ENTRIES SUPPLIED>
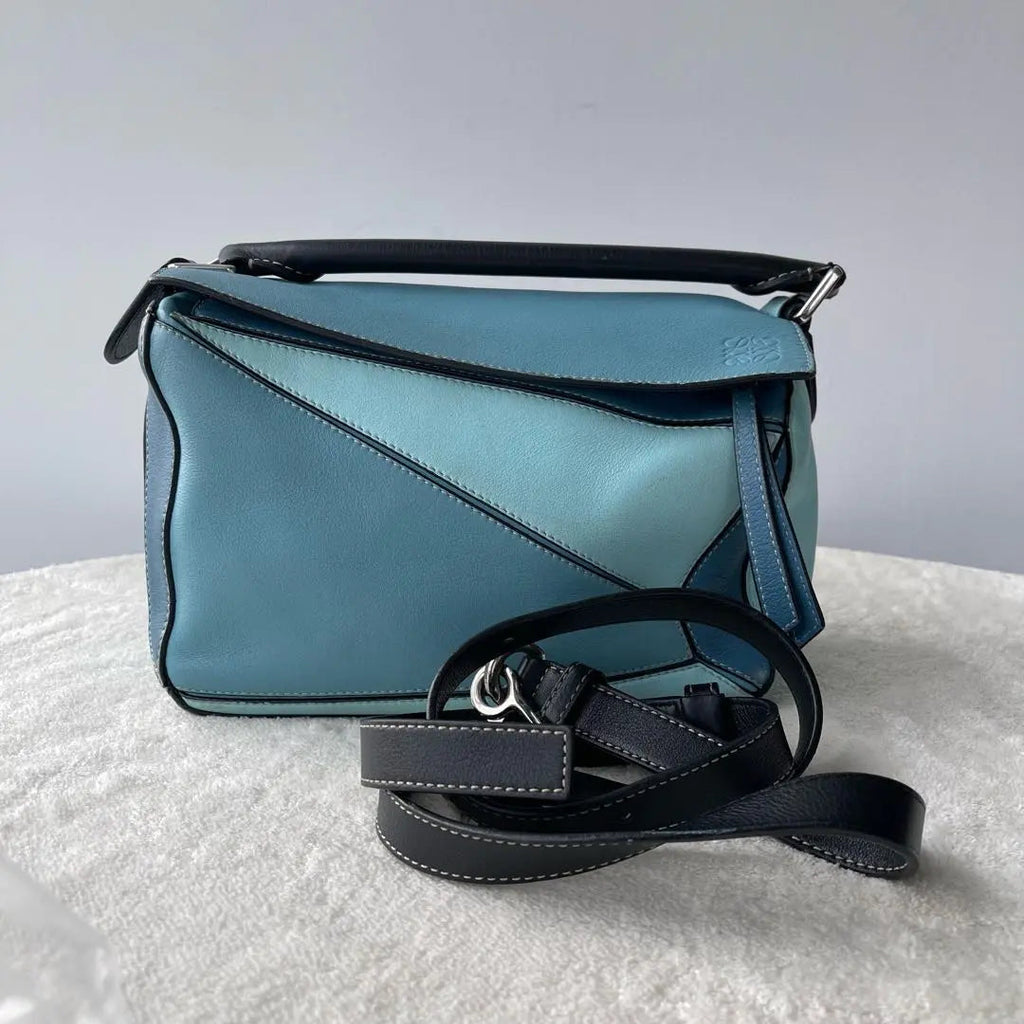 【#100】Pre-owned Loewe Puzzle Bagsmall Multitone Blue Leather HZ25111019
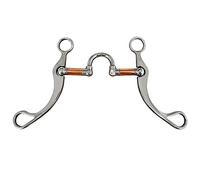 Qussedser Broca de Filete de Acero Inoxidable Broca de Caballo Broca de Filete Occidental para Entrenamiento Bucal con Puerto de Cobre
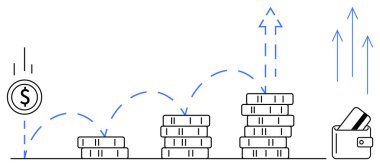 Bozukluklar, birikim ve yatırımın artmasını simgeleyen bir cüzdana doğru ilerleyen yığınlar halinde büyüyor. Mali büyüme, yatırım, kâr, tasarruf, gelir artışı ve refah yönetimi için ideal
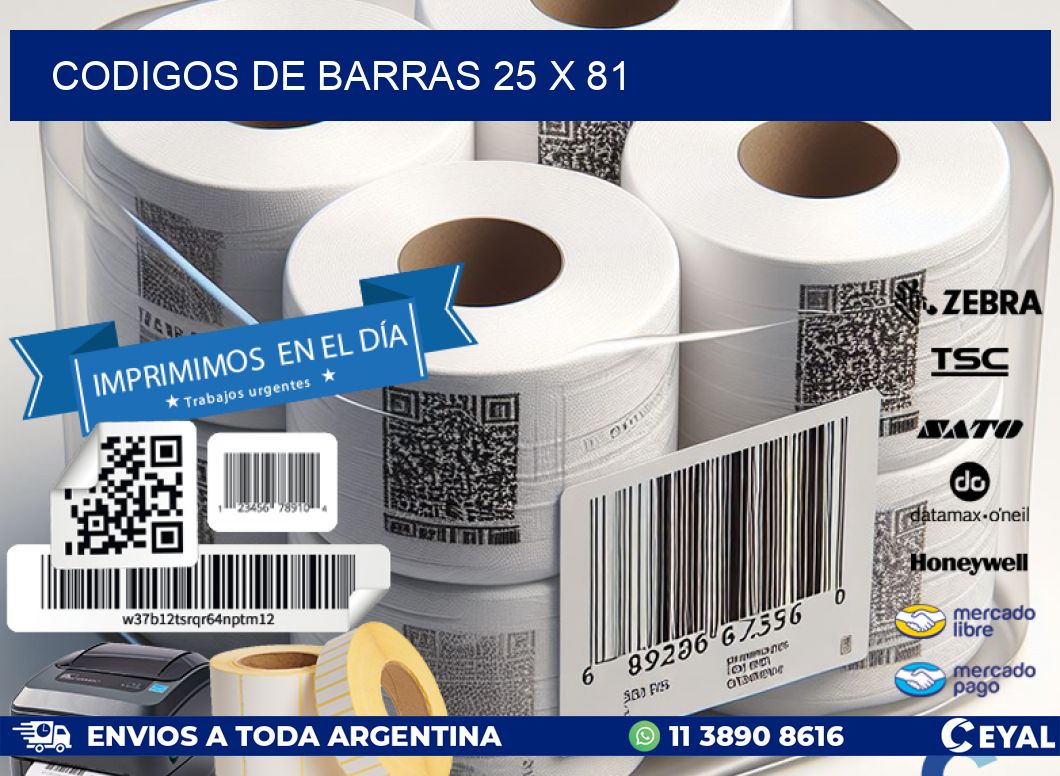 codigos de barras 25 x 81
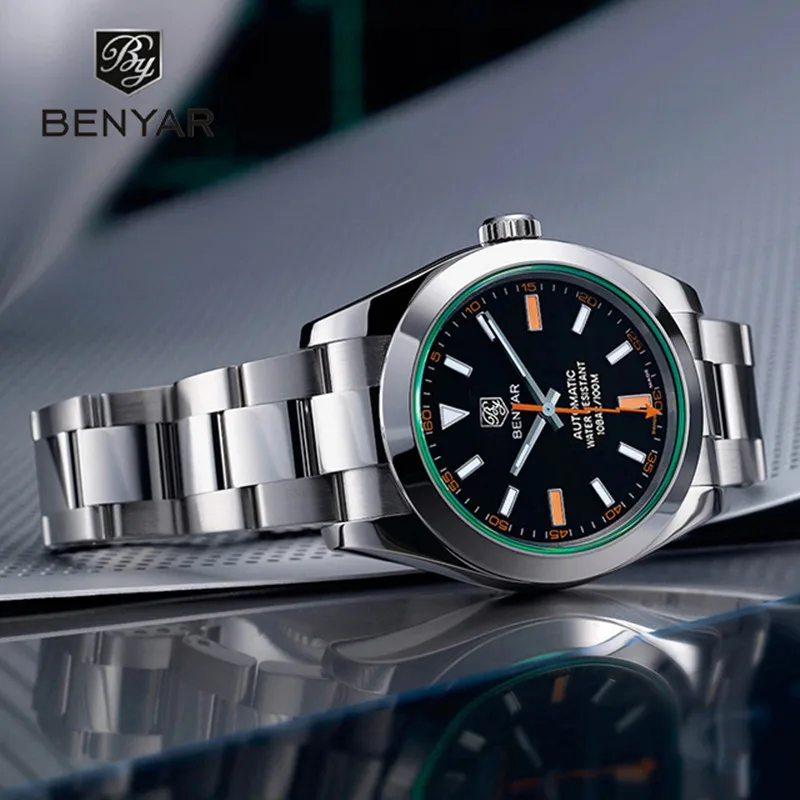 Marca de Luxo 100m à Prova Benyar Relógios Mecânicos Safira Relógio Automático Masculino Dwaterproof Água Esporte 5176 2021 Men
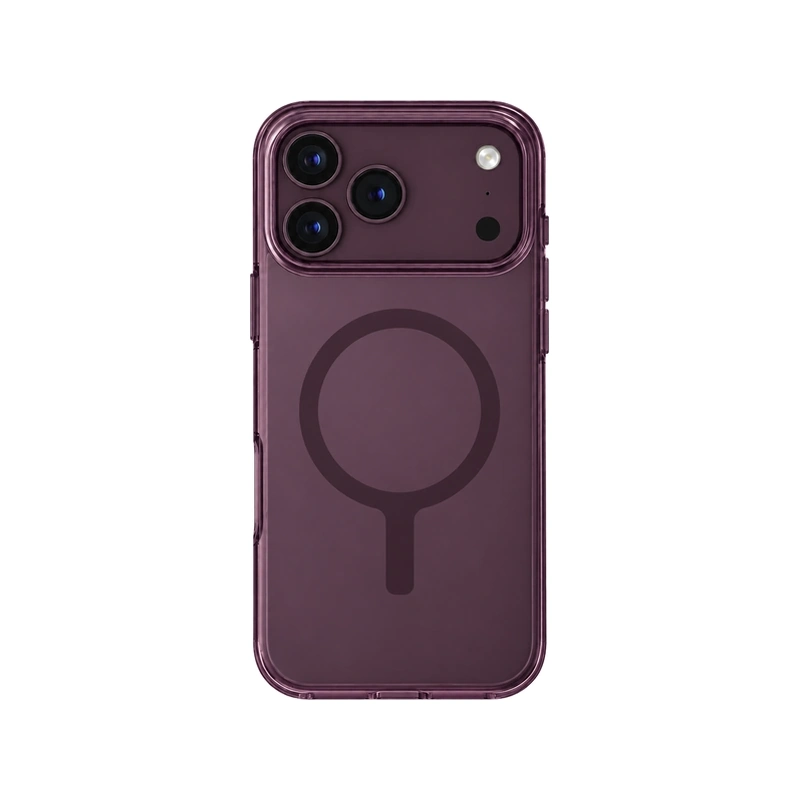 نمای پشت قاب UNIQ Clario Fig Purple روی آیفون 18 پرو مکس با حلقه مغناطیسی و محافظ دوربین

YOUR INSTRUCTIONS> All of the material must be given again exactly, though no picture may appear in the copy.

RESULT OF THIS TASK>
 【#100】Pre-owned Loewe Puzzle Bagsmall Multitone Blue Leather HZ25111019
 Qussedser Broca de Filete de Acero Inoxidable Broca de Caballo Broca de Filete Occidental para Entrenamiento Bucal con Puerto de Cobre
 Bozukluklar, birikim ve yatırımın artmasını simgeleyen bir cüzdana doğru ilerleyen yığınlar halinde büyüyor. Mali büyüme, yatırım, kâr, tasarruf, gelir artışı ve refah yönetimi için ideal
 codigos de barras 25 x 81
 Marca de Luxo 100m à Prova Benyar Relógios Mecânicos Safira Relógio Automático Masculino Dwaterproof Água Esporte 5176 2021 Men
 نمای پشت قاب UNIQ Clario Fig Purple روی آیفون 18 پرو مکس با حلقه مغناطیسی و محافظ دوربین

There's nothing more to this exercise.